Two other files report the values of the parameters and the clustering
(values of the allocation variables) across iterations after thinning
(see the command line option). Notice that for inference purpose the
first part of the iterations should be discarded as they correspond to
the burn-in phase of the MCMC algorithm.
The clustering information file
-------------------------------
One out of every two lines provides the MCMC iteration number and the other
line provides the clustering information formatted as follows.
**** iter 99950 ****
alloc s0 15 56 1 7.262 2.881 s1 4 57 1 9.081 3.653 ...

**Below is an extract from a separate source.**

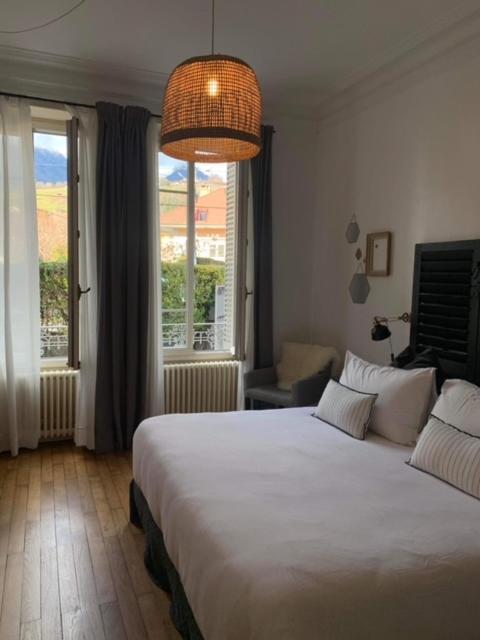 Les Chambres De Pauline Avec Spa Et Climatisation Albertville Luaran gambar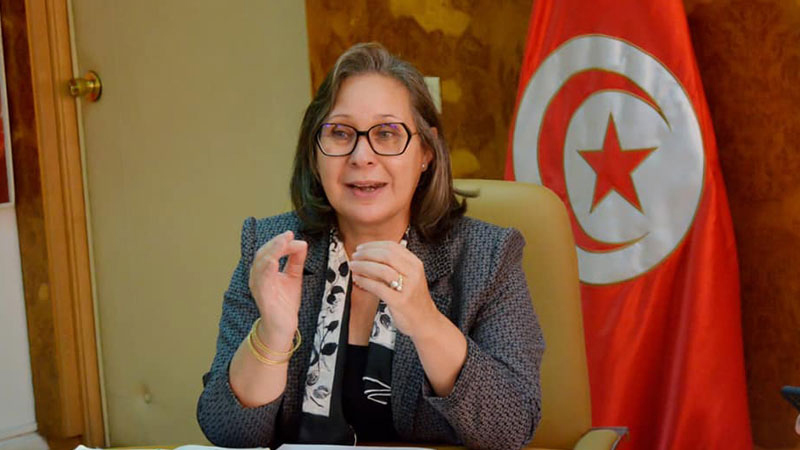 وزيرة الصناعة : الاضطرابات في التزويد بالمحروقات تعمقت اكثر بسبب لهفة المستهلك التونسي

where the (1+i*6) is the column offset to access information
concerning the ith sequence:
* column (1+i*6)+1 recalls the sequence identifier;
* column (1+i*6)+2 indicates the motif type (cluster) associated with
the sequence, motifs are numbered from 0 to nclust-1, and nclust
corresponds to an absence of motif;
* column (1+i*6)+3 reports the reference position of the first box in
the sequence;
* column (1+i*6)+4 reports the variable component of the spacer
distance between the two boxes;
* column (1+i*6)+5 reports the log likelihood ratio (motif
vs. background) associated with the first box;
* column (1+i*6)+6 reports the log likelihood ratio (motif
vs. background) associated with the second box;
The parameter information file
------------------------------
After the number of the MCMC iteration one find the information on the
parameters in the following order:
* current distribution for the reference position of the box 1 in the
sequence (lines _nbins_p_pos_motif, _breakpoints_p_pos_motif,
_p_pos_motif).
* current background composition as a vector of length
4+4^2+...+4^{r+1} where r is the order of the Markov chain that
serves to model the background. Only the last 4^{r+1} values are
estimated and thus change between iterations.
* the probability of each motif type after a switch occuring on a
branch of the tree (_pmotifs_ontree) or at a terminal leaf
(_pmotifs). These are vectors of length nclust+1 as the last value
corresponds to the absence of motif.
* the rate of motif switches per unit of branch length in the tree
(_alpha_evolontree) and the probability of motif switch at terminal
leaf (_epsilon_evolontree).
* then one find the description of each motif with the length of the
two boxes (_lbox1, _lbox2), the fixed length of the spacer distance
(lspacer) the length of the variable component of the spacer
distance (lvarspacer) and the probability of each distance
(_pvarspacer), whether or not the second box is "optional"
(_box2isoptional), the probability of the second box (pbox2),
tracking information allowing to align position-specific nucleotide
composition parameters across iterations (_track_posbox1,
_track_posbox2), the nucleotide composition at each position in each
box (5'->3', column order A G C T).
* the log-likelihood of the sequence data with the current set of parameters.